# Serial Killers Analysis

This project analyzes the "Serial Killers Dataset" from Kaggle to visualize and understand patterns related to serial killers across different regions.

**Disclaimer**: This analysis is purely for academic and educational purposes. The subject matter is sensitive, and the data is presented objectively without any intent to glorify or sensationalize crime.

In [None]:
# Import libraries
import numpy as np
import pandas as pd
import matplotlib.pyplot as plt
import seaborn as sns

# Set plot style
sns.set_style("whitegrid")
plt.rcParams["figure.figsize"] = (12, 8)

## Data Loading

Loading the serial killers dataset from Kaggle.

In [None]:
# Load the dataset
# df = pd.read_csv("serial_killers_data.csv")
# df.head()

## Top 10 Most Deadly Serial Killers

Visualization of serial killers with the highest number of proven victims.

In [None]:
# Code for top 10 most deadly serial killers visualization
# plt.figure(figsize=(12, 6))
# top_killers = df.sort_values("proven_victims", ascending=False).head(10)
# sns.barplot(x="proven_victims", y="name", data=top_killers)
# plt.title("Top 10 Most Deadly Serial Killers by Victim Count", fontsize=16)
# plt.tight_layout()
# plt.savefig("serial_killer_figures/top10_deadliest_killers.png")
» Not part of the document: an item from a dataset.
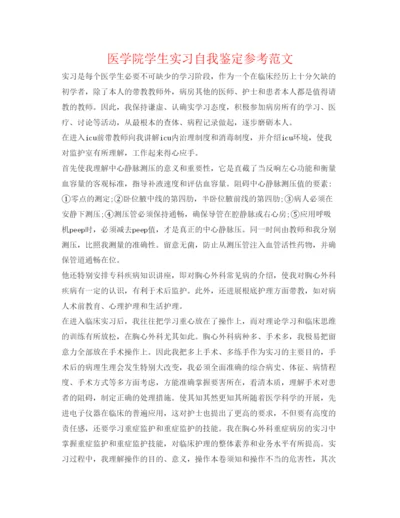 精编医学院学生实习自我鉴定参考范文.docx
## Top 5 Serial Killers in the US

Visualization focusing on the deadliest serial killers in the United States.

In [None]:
# Code for top 5 US serial killers
# us_killers = df[df["country"] == "United States"]
# top_us = us_killers.sort_values("proven_victims", ascending=False).head(5)
# plt.figure(figsize=(12, 6))
# sns.barplot(x="proven_victims", y="name", data=top_us)
# plt.title("Top 5 Most Deadly Serial Killers in the US", fontsize=16)
# plt.tight_layout()
# plt.savefig("serial_killer_figures/top5_us_killers.png")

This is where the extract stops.